Collection of a good number of oocytes is the first step in the IVM procedure and their maturation is essential so that there are a good number of embryos to transfer. To facilitate selection of suitable candidates prior to starting IVM, pretreatment factors associated with relevant procedural metrics are needed. This was the rationale for our analysis of predictive factors for number of oocytes and maturation rate.

Associations between serum AMH and/or AFC and live birth have been reported previously [29, 42], but these variables were not significant independent predictors of live birth in our analysis. However, we did identify significant associations between AMH and both the number of oocytes and the oocyte maturation rate. Conversely, these parameters decreased significantly when levels of LH were high. The reason for this is unclear given that a positive association between LH and AMH serum levels, independent of serum androgen levels, has been reported previously [43]. Baseline LH in our study (14.3 IU/L) was higher than that in patients from a previous similar study (9.1 IU/L) [29], but the importance of this remains to be determined. In a previous model to identify PCOS women suitable for IVM, the presence of at least eight cumulus oocyte complexes was identified as being associated with a higher number of good quality embryos and a better ongoing pregnancy rate [29]. Duration of infertility has previously been reported as a significant predictor of live birth after IVM [36]. Although infertility duration was a significant predictor of live birth on univariate analysis, this association did not persist in the multivariate model. However, we did identify significant independent associations between the number of previous IVF attempts and both oocyte number and maturation rate.

BMI was not a significant predictor of live birth after IVM but was significantly associated with the number of oocytes retrieved during the procedure. This is in contrast to data from a retrospective cohort study that failed to find any association between BMI and the number and quality of oocytes in PCOS women undergoing IVM [44]. The influence of BMI on IVM is an important area for future study, particularly with respect to potential ethnic differences, because Asian women with PCOS are usually lean and have a lower BMI than Western PCOS populations [45].
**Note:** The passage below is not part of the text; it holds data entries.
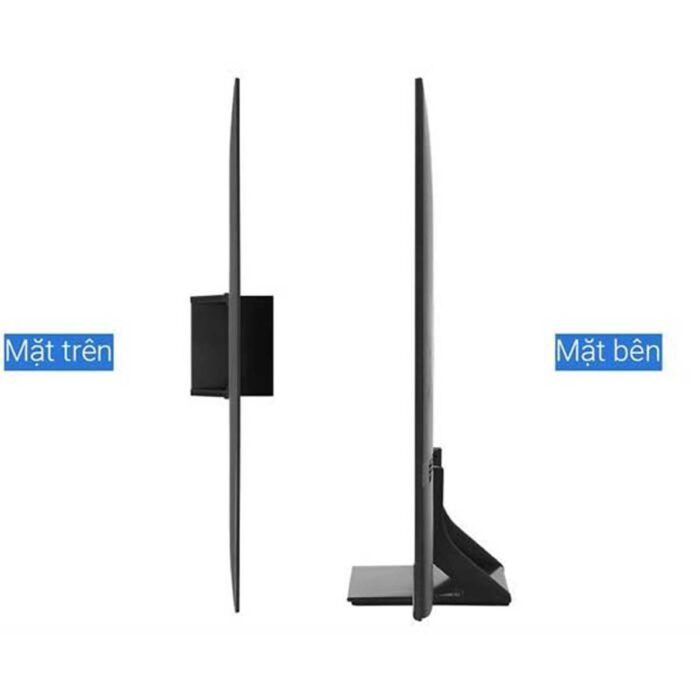 Tivi Samsung QA55Q65DAKXXV QLED 55 Inch 4K Smart - Ảnh 7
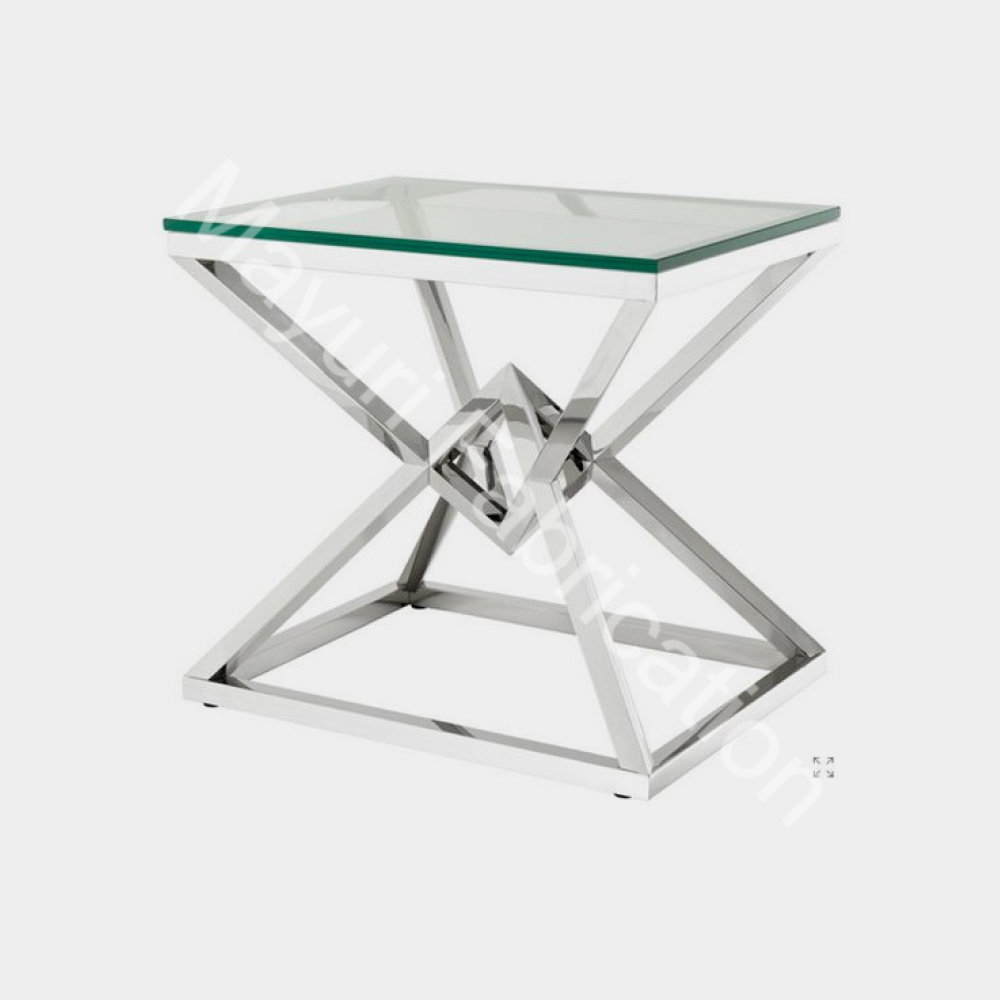 Center Table | PVD -SS
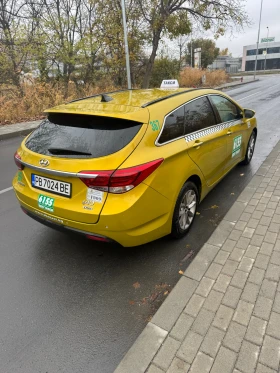 Hyundai I40 1.7 CRDI, снимка 5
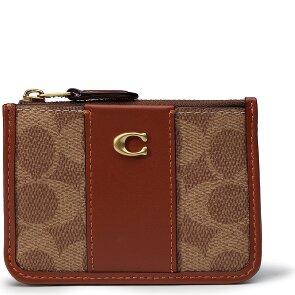 Coach Sleutel portemonnee 11 cm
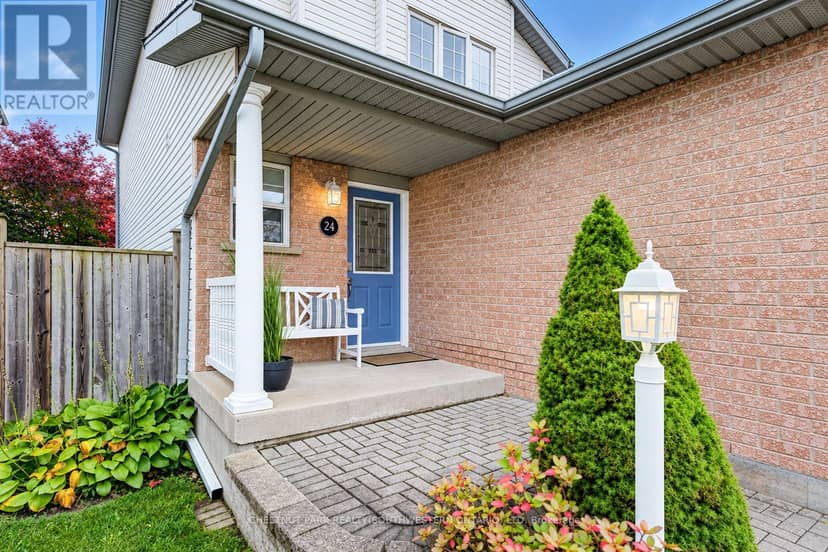 24 White Sands Court, Kitchener, photo 3
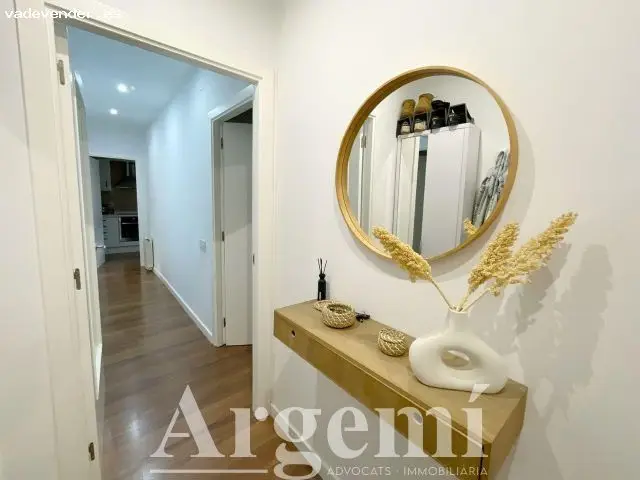 Piso en venta Palau-solita i Plegamans reformado cerca del centro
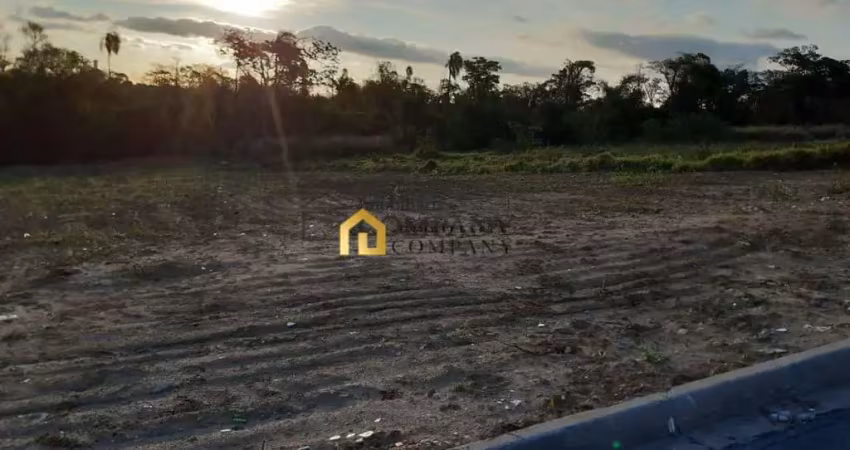 Área à venda no bairro Éden, Sorocaba/SP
In 2013, an American Society of Reproductive Medicine (ASRM) committee described IVM as “an experimental procedure” that should only be performed “in specialized centers for carefully selected patients”, and that candidates for this approach to infertility treatment include those at risk for OHSS and women with PCOS [46]. Our study was conducted at a specialist center and in the target groups described and showed the potential for live birth rates after IVM to approach those achieved with traditional IVF. There is also much debate about how IVM is defined, and there is not yet any consensus about a standard protocol for IVM. The ASRM committee recently defined IVM as “maturation in culture of immature oocytes after their recovery from follicles which may or may not have been exposed to FSH but were not exposed to either LH or hCG prior to retrieval to induce meiotic resumption.” Use of hCG priming does not fulfil these criteria. However, this approach has been used by some centers because it was reported to improve oocyte maturation, development potential and outcomes [47‐50]. However, data from a randomized controlled trial show that this was not associated with any difference between hCG-primed and non-primed IVM cycles in terms of subsequent embryo developmental competence [51]. Furthermore, despite an overall low quality of available evidence, a Cochrane review concluded that hCG-priming had no effect on pregnancy, miscarriage or live birth rates with IVM using day 2–3 embryos, although well-designed randomized clinical trials in this area are required [52].

The hCG priming approach was the most common protocol at our institution over the period from which study data were analyzed. One of the advantages of using hCG priming is that fresh embryo transfer is possible due to the direct effects of hCG on the endometrium [53]. A disadvantage of hCG priming is that oocytes are at different levels of maturity at OPU, meaning that there is a need to do multiple checks for maturation and then perform several rounds of ICSI whenever mature oocytes are detected [54], both of which increase the laboratory workload and procedural costs. There is a need for more randomized controlled trials comparing hCG-priming and non-hCG-priming IVM to provide reliable data on the comparative effectiveness, complications, time to pregnancy, neonatal health, safety, costs and cost effectiveness of the two approaches. Additional research is required to define the optimal protocol for IVM. Whichever protocol is used, IVM is increasingly being associated with acceptable pregnancy outcomes and provides a promising alternative ART approach for specific groups of women that is efficient, convenient, safe and more financially accessible for many couples.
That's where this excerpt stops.